While these latest developments are positive, the protracted reform process nationally has shown mixed results for our sector.


The recent Medicare Benefits Schedule Taskforce Review response again demonstrates that financial considerations have been allowed to negate the evidence for change.


The rejection of the evidence-based recommendations, made by the specifically commissioned Allied Health Reference Group, shows policy contempt for reforms that involve physiotherapy (and other allied health providers).


Despite the setback, now is clearly not the time to drop the ball on payment reform.



Our recent 2021–22 Federal Pre-Budget Submission argued strongly for equity of access to primary healthcare for all Australians through affordable high-value physiotherapy.


Meanwhile, our strategic workforce planning and related advocacy will continue to follow the reforms in directing new models of care and ensuring we can influence how services evolve.


We need to be part of the solution in health system design and in improving efficiencies by advancing team-based care.


This requires a focus on skill supply issues, ensuring adequate supports and focused development for growing areas of need.


To achieve this, we need to see reform across the key areas of primary care, aged care and disability.


In making the case for physiotherapy, we also need to demonstrate our value in enabling a more efficient health system.


The landmark analysis of a range of physiotherapy interventions in the Nous Group-led report—Economic value of physiotherapy in Australia—provides a key advocacy tool.


It provides the evidence that physiotherapy treatment is a cost-effective option for patients and funders.


When departments and governments ask for the evidence for physiotherapy, we now have a ground-breaking economic report that clearly outlines the evidence. 


It’s also clear that our fragmented health system, and inability to integrate patient care pathways through more coordinated delivery of care, is limiting reform in both public and private healthcare.


Our role is to focus on new funding models that formalise physiotherapy in an integrated health system design.


These new models must be based on the value of physiotherapy, and how we ensure more patients in need of physiotherapy have access.
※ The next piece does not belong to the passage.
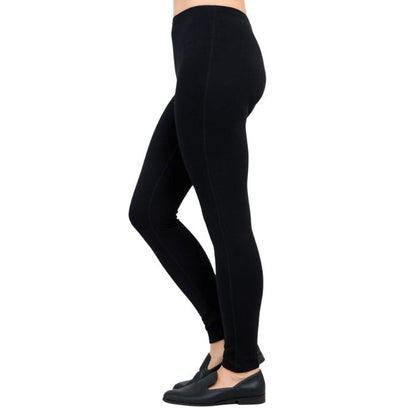 bottom of female model wearing bobbi black fleece leggings side view on white background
One area this may happen is in closer links between mental health and physical health and in addressing pain management.


Our workforce solutions should focus on facilitating wider scopes of practice and ensuring a greater emphasis on multidisciplinary care in the healthcare system.
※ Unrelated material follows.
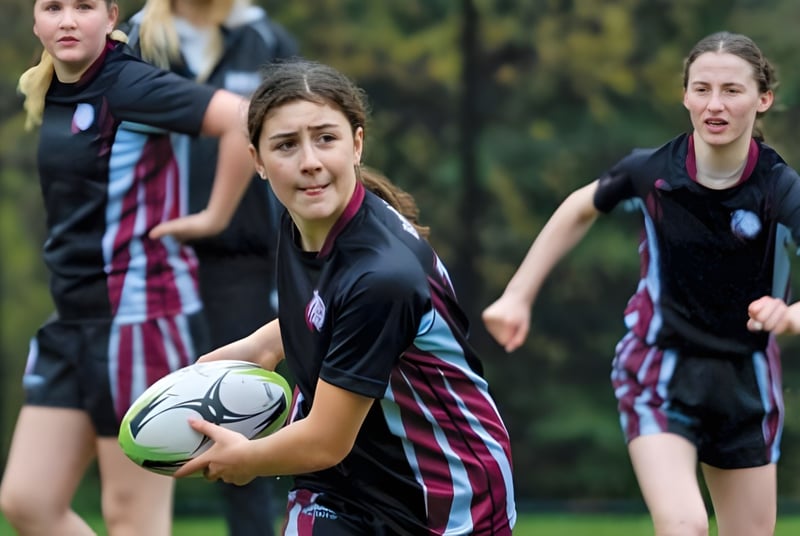 Schülerinnen der The Bishop Strachan School spielen Fußball auf einem Rasenfeld mit Bäumen im Hintergrund.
It is also vital that policies encompass integration into service design.



This cannot be achieved through continued reliance on the current payment models or traditional structures that disincentivise integration.


We must also focus on workforce distribution beyond general practice workforce planning.


Failing to nurture rural retention will see continued health disparities across our most disadvantaged cohorts.


A stronger national policy focus is required to both recruitment and retention planning to build the physiotherapy workforce of the future.


There is a need for a targeted strategy, which financially incentivises physiotherapists into training and practices where they are most needed.


The strategic imperative is to build the workforce to address current need and future demand.


The APA has a key role in ensuring a skill acquisition pathway to support members in addressing service need.


Workforce capability means focusing on the future, preparing for disruption (as we’ve seen with COVID-19), and building a future-ready workforce that has both the skills required and the technologies needed to provide the best possible healthcare.


It is in this critical moment in reform that we need to position physiotherapy to ensure we influence health workforce policy decision-making.



Reform in healthcare is usually a slow and frustrating process; however, we see strong signs from the Commonwealth and state and territory governments that they share our goals of better equity in access, funding and workforce distribution.


Our solutions to support improvements in health system design will help to address poor integration, the significant cost barriers and inefficient use of resources.


Let’s make this our policy moment and give Australians access to the care they deserve.